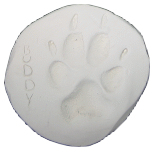 Description: C:\Users\Public\Documents\Doris Stories\Footprint.gif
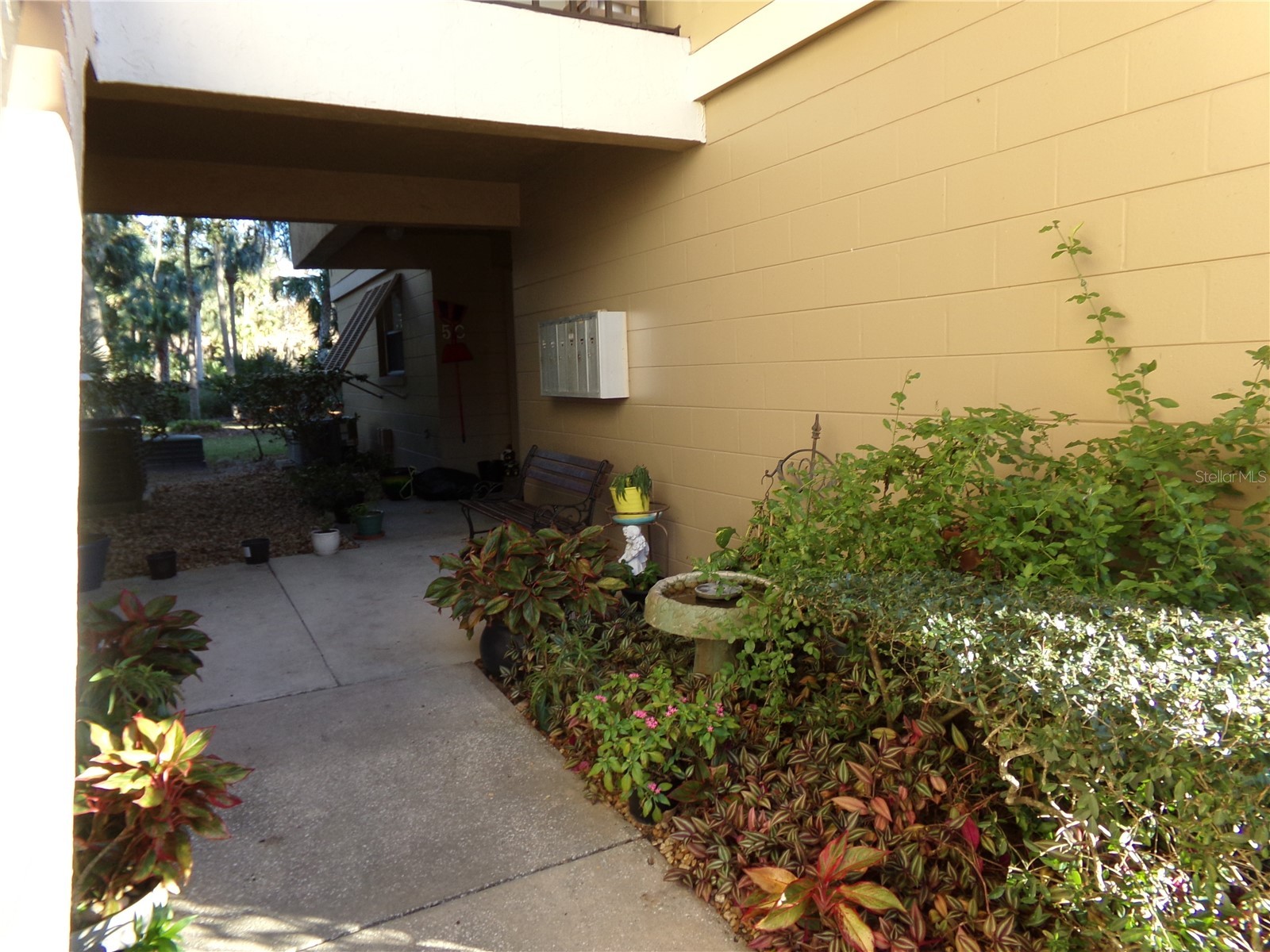 110 Cypress Woods Ct #5C Deltona FL 32725 O6400056 image2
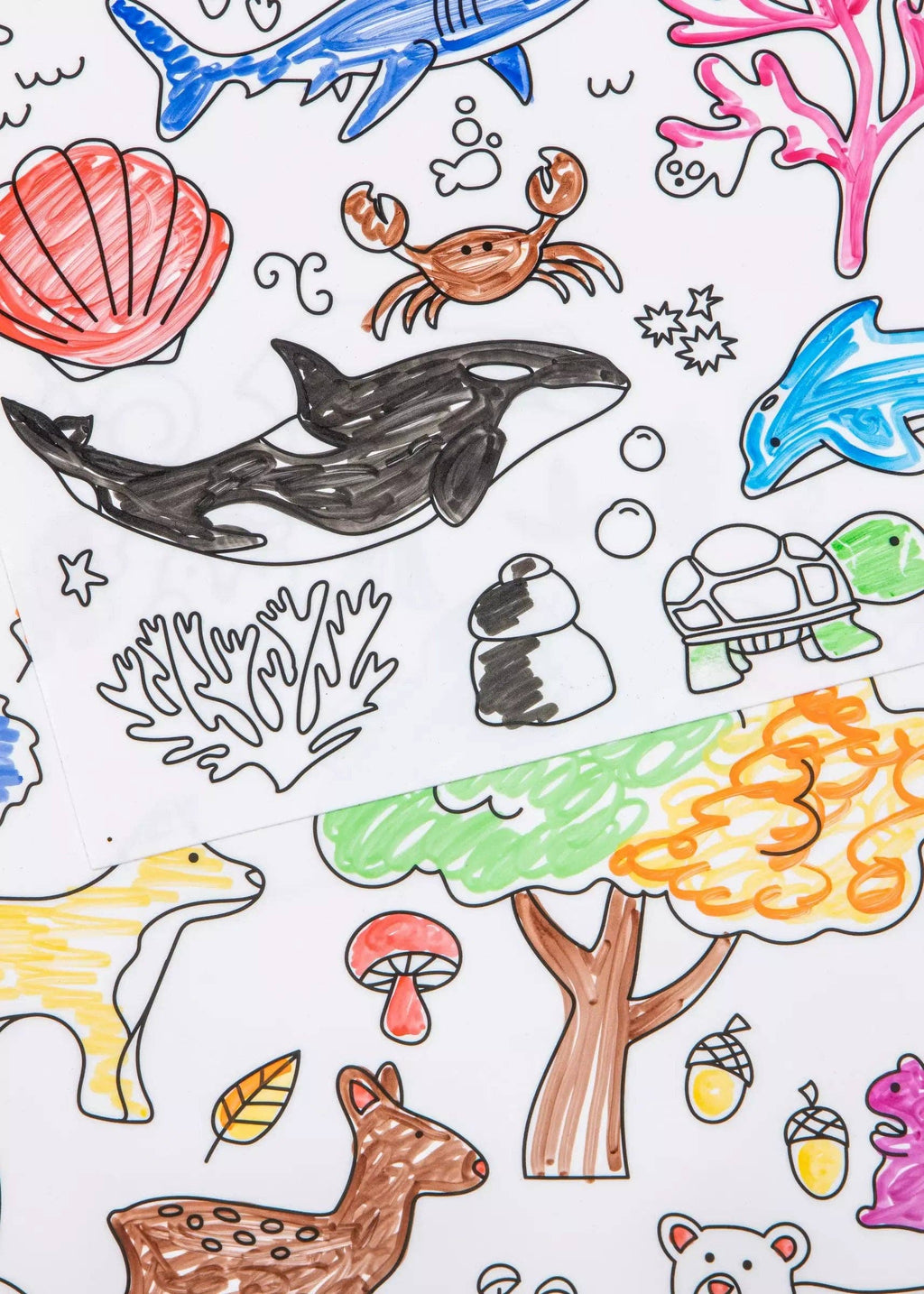 Set of 4 Silicone Washable Coloring Placemats & Markers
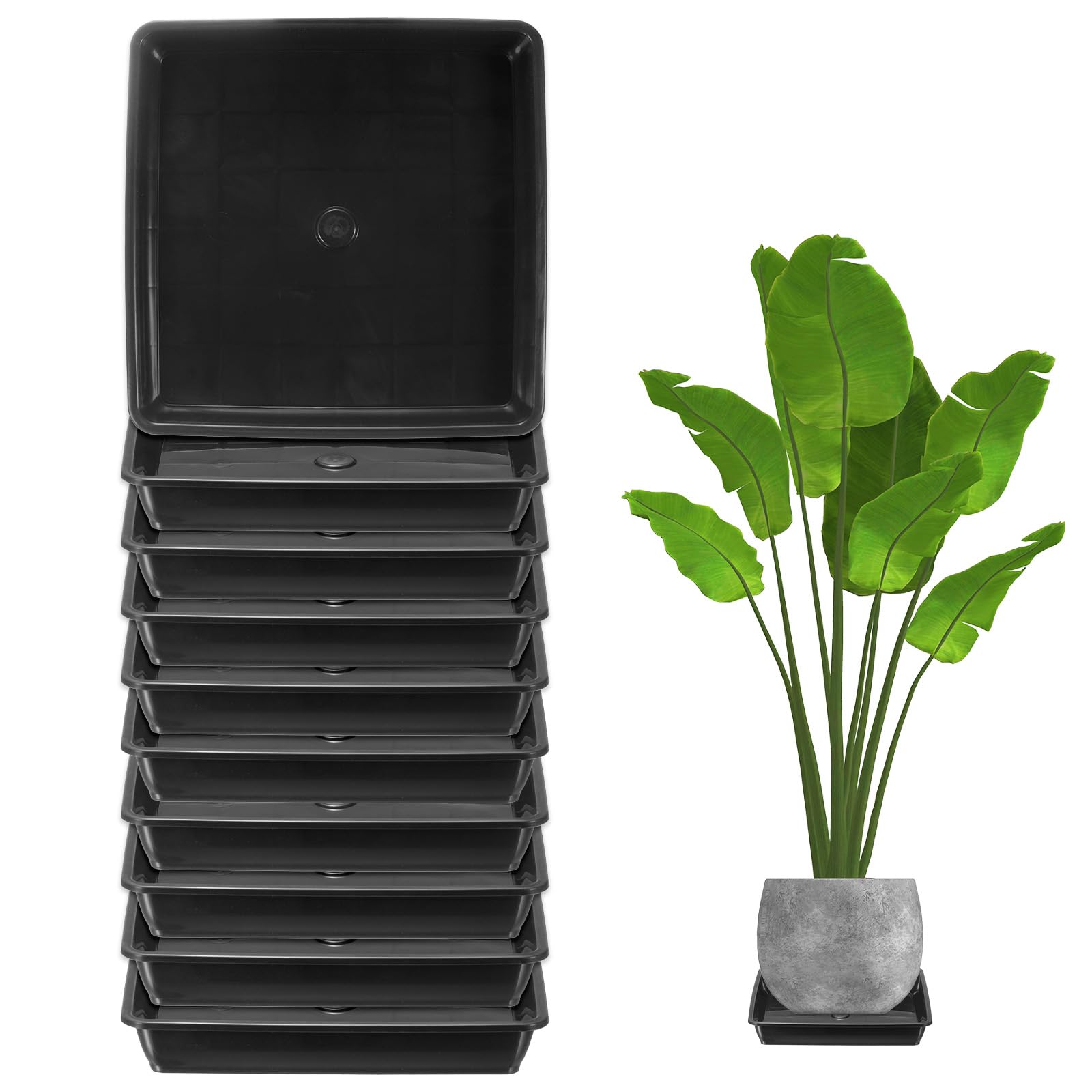 M METERXITY 10-Pack Plant Pot Saucers, 6 Inch 15cm Plastic Square Flower Drip Tray, Pot No Holes Durable Plant Trays for Pots Base Indoors/Outdoors Plants [Black]
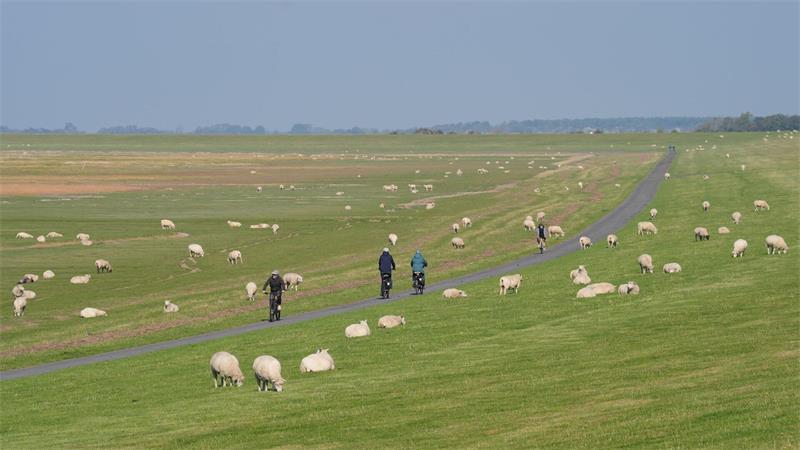Zur Feier des 17. Geburtstags des Unesco-Weltnaturerbes Wattenmeer soll an vielen Deichen gefrühstückt werden. (Archivbild)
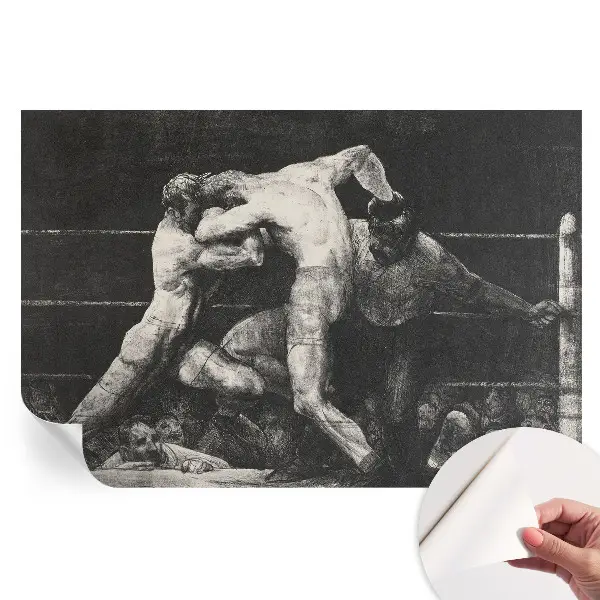 Fototapet modern pentru sufragerie Duelul boxerilor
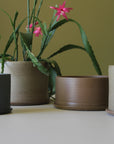 Chestnut Minimalist Planter by Arcadia Scott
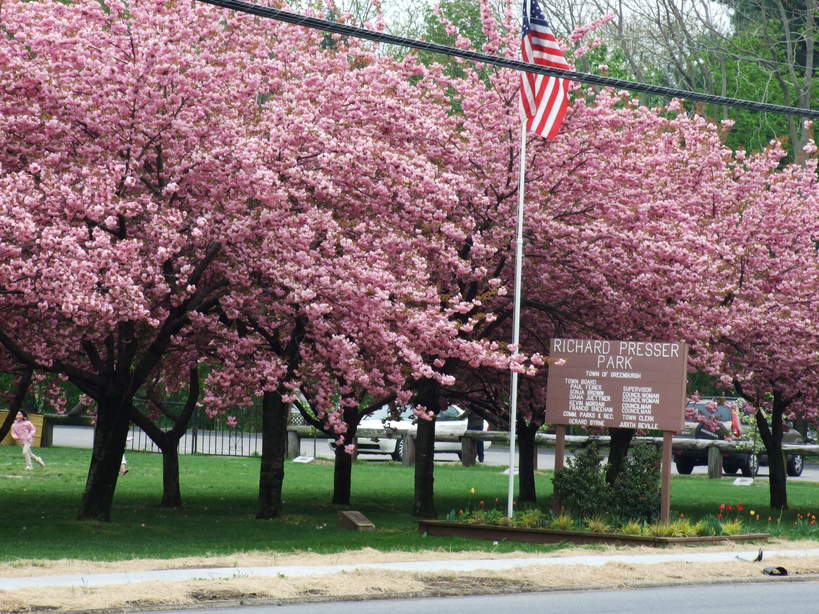 Hartsdale, NY: FLOWERING TREES, WEBB FIELD, CENTRAL AVE.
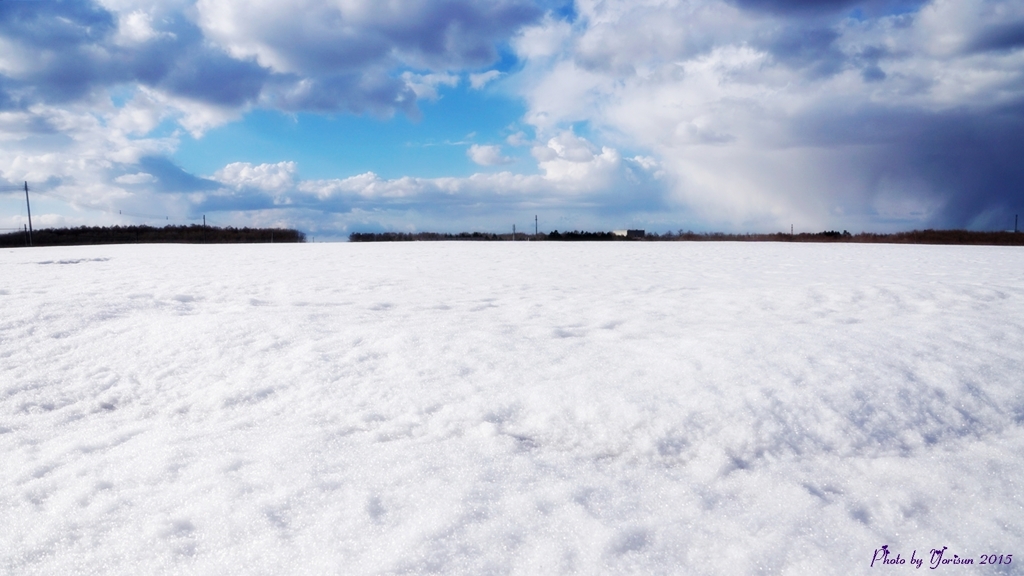 雪原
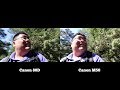 Canon M50 vs Canon 80D Video Test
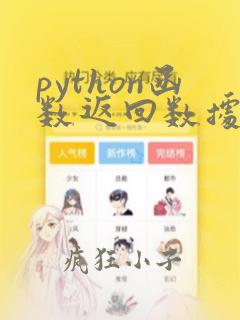 python函数返回数据类型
-------------------------
# [Exercise]
In the listing above, find the line containing "Canon M50 vs Canon 80D Video Test" and restate it and every later line verbatim, with the pictures left out.

# [Result below]
 Canon M50 vs Canon 80D Video Test
 python函数返回数据类型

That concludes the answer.